Zemmour dans les pas de Trump

Avant Nantes, à Ajaccio, des échauffourées avaient éclaté entre les partisans de l'ex-chroniqueur et des militants de Core in Fronte quelques minutes avant une réunion publique. Quelques jours plus tard à Biarritz, la maire LR Maider Arosteguy refuse de le recevoir dans le centre-ville en raison de "risque de troubles à l'ordre public" et le contraint à se déplacer en périphérie de la ville.

"Ces manifestations permettent à Zemmour de faire comme Trump, qui a fait face à des manifestations antifa durant sa campagne, et faisait mine d'interroger 'où sont les vrais fascistes ?'", rappelle le politologue Jean-Yves Camus, spécialiste de l’extrême droite.

"Le débat sur la façon de s'opposer à un candidat d'extrême droite remonte à des années, avec Jean-Marie Le Pen, puis Marine Le Pen. Les associations, les syndicats manifestent parfois, certains candidats refusent de débattre comme Anne Hidalgo", resitue Jean-Yves Camus.
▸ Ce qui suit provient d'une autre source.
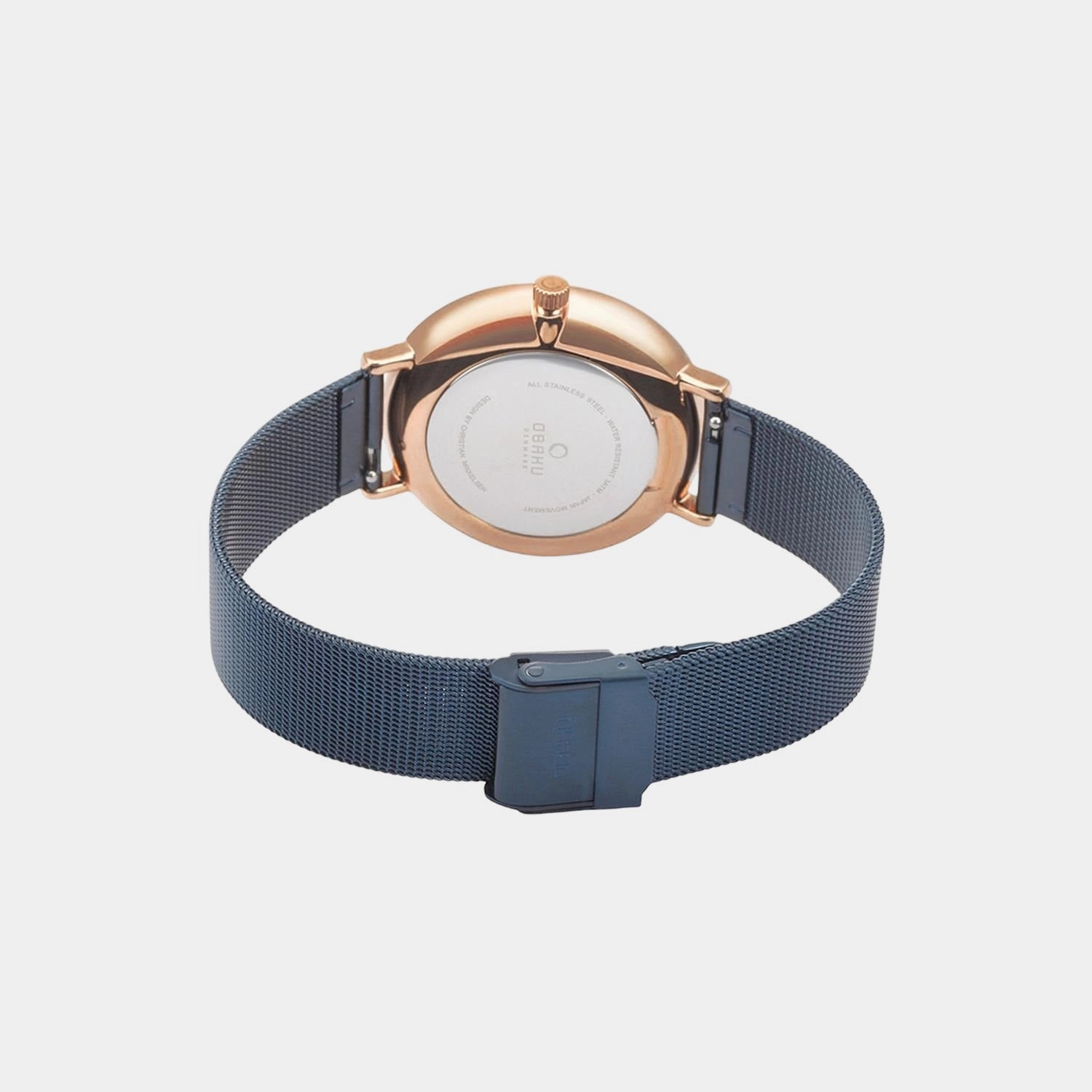 Women's Blue Analog Stainless Steel Watch V260LXVLML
Le risque ? "Que des électeurs pensent qu'il est une victime"

Pour l'instant, aucun candidat ni aucun parti n'ont appelé à manifester ou soutenu une manifestation anti-Zemmour. Seuls des associations et syndicats comme Solidaires ou Attac ont pour l'instant organisé localement ces manifestations, au gré des déplacements du candidat encore non-déclaré. "Le risque c'est qu'une partie des électeurs pense que l'intolérance est du côté des manifestants anti-Zemmour, et estime qu'il est une victime", estime le politologue. Une opposition dont se sert Éric Zemmour pour revêtir ses habits de victime.

Les manifestations anti-Zemmour, contreproductives ?

"Certains politiques et syndicats organisent la diabolisation de Zemmour comme face au FN dans les années 80. Cela a fonctionné en marginalisant Jean-Marie Le Pen puis Marine Le Pen. Mais les recettes qui marchaient dans les années 80 pourraient ne pas fonctionner dans la France d'aujourd'hui", estime Philippe Moreau-Chevrolet.

Pour l'expert en communication, "les Français ont été marqué par les gilets jaunes et peuvent avoir peur de la gauche et de l'extrême gauche. Avec leur mobilisation contre Zemmour, le risque c'est que certains électeurs se disent "Zemmour les dérange c'est peut être qu'il est la bonne solution" ou bien "je suis de droite, et Zemmour dérange la gauche. N'est-il pas le meilleur candidat ?", s'interroge le spécialiste en communication. Prochaines étapes pour Éric Zemmour : Lyon, Dijon et Bordeaux.